*** Supplied records ***

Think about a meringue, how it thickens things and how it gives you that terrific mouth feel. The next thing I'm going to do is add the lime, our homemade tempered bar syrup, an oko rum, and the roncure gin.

*** End of Supplied records ***
*** Supplied records ***

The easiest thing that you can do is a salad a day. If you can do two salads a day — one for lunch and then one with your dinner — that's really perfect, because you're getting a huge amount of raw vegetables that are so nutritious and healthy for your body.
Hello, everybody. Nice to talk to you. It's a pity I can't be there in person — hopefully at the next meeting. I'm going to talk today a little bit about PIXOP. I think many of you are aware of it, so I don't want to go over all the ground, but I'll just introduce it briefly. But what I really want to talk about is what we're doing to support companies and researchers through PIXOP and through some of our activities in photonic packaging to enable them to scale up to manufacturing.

*** End of Supplied records ***

Reproducing the whole listing above is not the task. Copy exactly only the lines from the one with "The easiest thing" to the one with "Hello, everybody. Nice", both kept.

● **Solution**
The easiest thing that you can do is a salad a day. If you can do two salads a day — one for lunch and then one with your dinner — that's really perfect, because you're getting a huge amount of raw vegetables that are so nutritious and healthy for your body.
Hello, everybody. Nice to talk to you. It's a pity I can't be there in person — hopefully at the next meeting. I'm going to talk today a little bit about PIXOP. I think many of you are aware of it, so I don't want to go over all the ground, but I'll just introduce it briefly. But what I really want to talk about is what we're doing to support companies and researchers through PIXOP and through some of our activities in photonic packaging to enable them to scale up to manufacturing.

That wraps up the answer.